Top of Source data

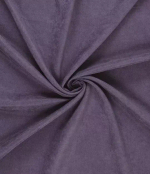 Ткань "Канвас" лаванда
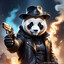 ThePanda
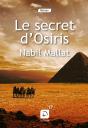 Le Secret D'Osiris - Preview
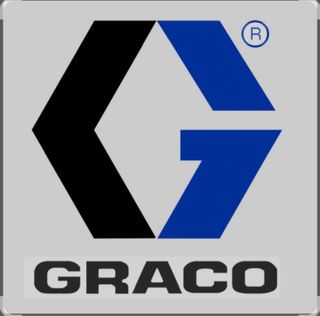 REPARACION DE EQUIPOS AIRLESS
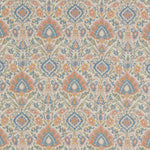 Soho Occasional Chair
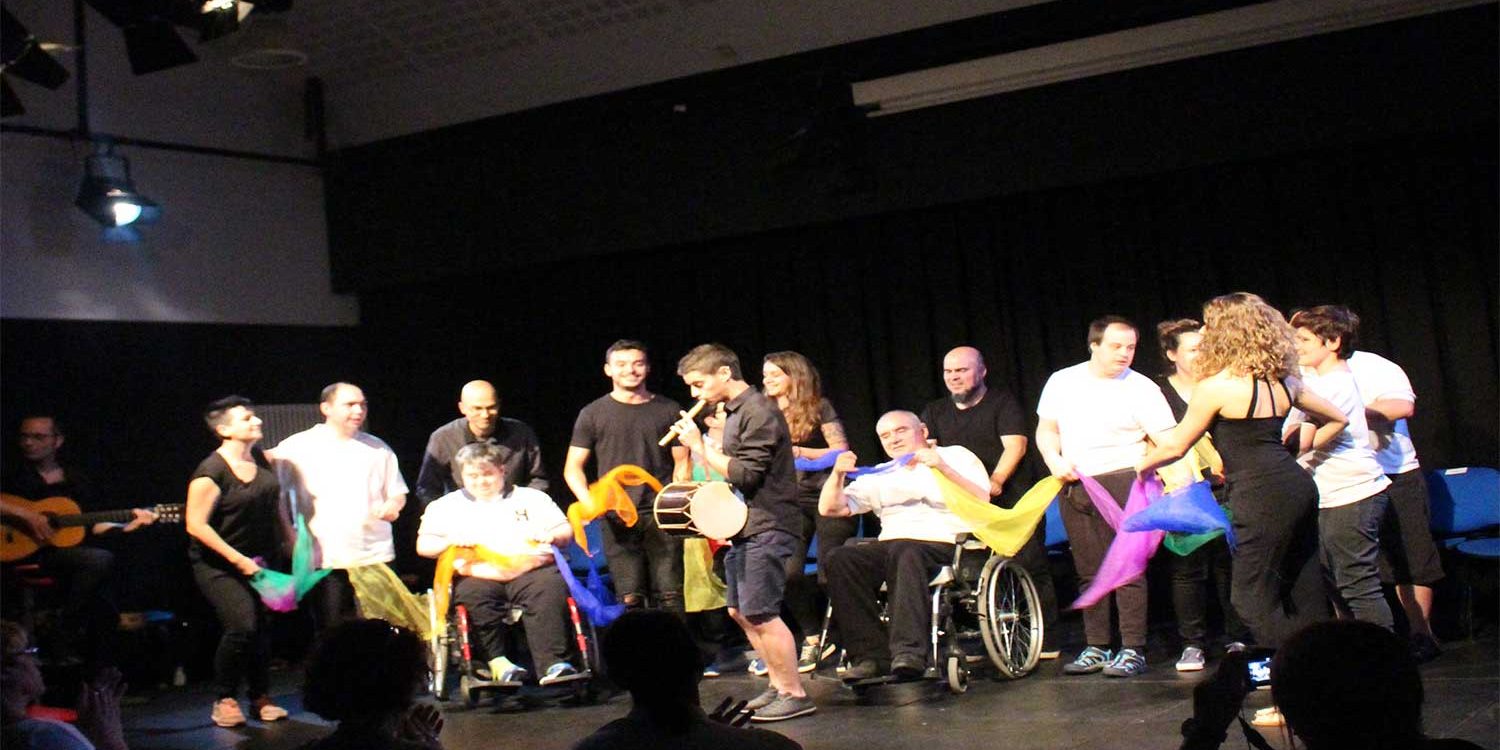 concert-musica-i-creativitat-eensm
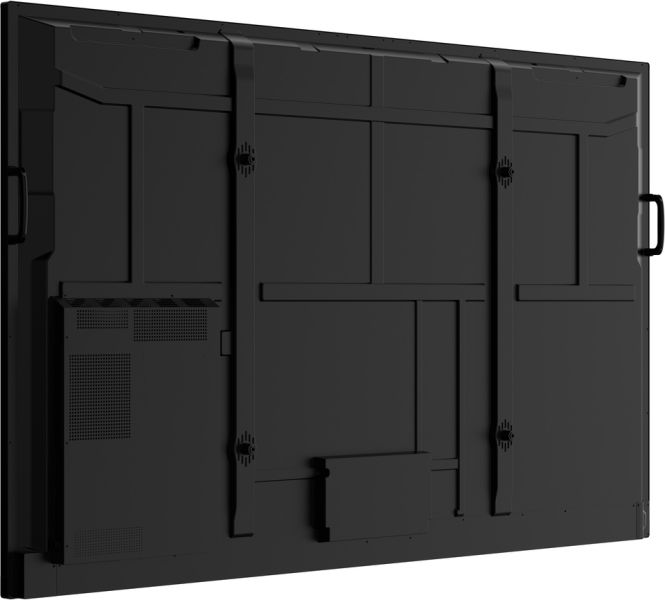 วิวโซนิค ViewBoard ViewBoard IN8605-C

Bottom of Source data

From the line that contains "concert-musica-i-creativitat-eensm" to the last line of the records above, copy each line exactly, both ends included, and leave the pictures out.

▶ **Exercise solution**
 concert-musica-i-creativitat-eensm
 วิวโซนิค ViewBoard ViewBoard IN8605-C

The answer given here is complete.